# beach city dam



## KATKING

Does any one ever fish beach city dam or the back waters if so what can i expect to catch and what should i use for bait?


----------



## tcba1987

its shallow and muddy in the lake area, the best fishing is in the spillway for channel cats, flatheads and pike.


----------



## rockbass

I have heard of quite a few flatties being caught behind the dam, and lots of nicer channels being caught in the spillway. of course good numbers of pike and bass in there too. Just have to be careful of that place at night for the guys..............and vandals


----------



## kennedy327

rockbass said:


> Just have to be careful of that place at night for the guys..............and vandals


After reading some of the "art" on the bathroom walls at that place, I dont think I would go there at night without either a few tough friends or a dog or gun.

I went there the other day and caught nothing round the spillway but went down stream a tad and caught a few small bullheads. I really would like to catch a pike this year from either there or bolivar, not sure whats a good pike spot for there thought, I always try catching some gills for bait there but never do. All I ever get is small bullhead, tons of small bullhead.

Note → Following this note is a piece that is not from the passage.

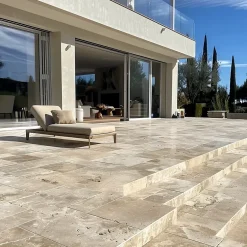 Pattom TRAVERTIN RUSTIC (2nd choix), piere naturelle, 40,6 x 61 EP 1,2cm - LIVRAISON CHARIOT EMBARQUÉ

I have caught one tiny carp and seen my buddy pull out a big slab of a white crappie from there, water was much higher then though.


----------



## rockbass

Notice I said guys............  

I think I may have to go up there sometime to stock up on small bullheads. The fishing in there will be better when we get a good rain to bring the water levels way up.


----------



## Snobal

Stopped by the spillway on Saturday night (9/2) and they now have the dirt area blocked off for "authorized vehicles only". Before that, I was pulling 3 - 6 pound channels out where the little outbuilding is at on chicken. Of course, I could only seem to get one a night. I know a couple people who pull out the small bullheads on shrimp quite often.


----------



## rockbass

you and your chicken!  

I am having another all nighter on the 30th if you are interested!


----------



## KATKING

went there tonite and caught alot of small channels and one nice, about 4 pounds...of coursed they where all released...i fish there often if any one is interesting in ever going pm


----------



## tcba1987

Hey that chicken breast soaked in anise oil works !!! I doubt he is


----------



## H2O Mellon

tcba1987 said:


> Hey that chicken breast soaked in anise oil works


Man I remmeber a few years ago that was going to be my "Secret" Super Bait..... I've learned alot since then.


----------



## KATKING

they only thing about beach city dam from what i have heard about it you couldnt pay me enough to eat anything out of it...


----------



## Snobal

What have you learned since then H2O? Seems to work great and it stays on the hook!


----------



## KATKING

what do you do to the chicken breast ....if any one you would like to share your secert


----------



## Snobal

I guess its not much of a secret anymore. Thanks Brian!! LOL I buy the skinless/boneless chicken breast and cut 1 or 2 up into bite size pieces. Then i put the pieces in a ziploc freezer bag and dump in a bottle of anise oil. I always keep it refrigerated but I dont know if its really necessary or not. I just don't want to smell rotten chicken!


----------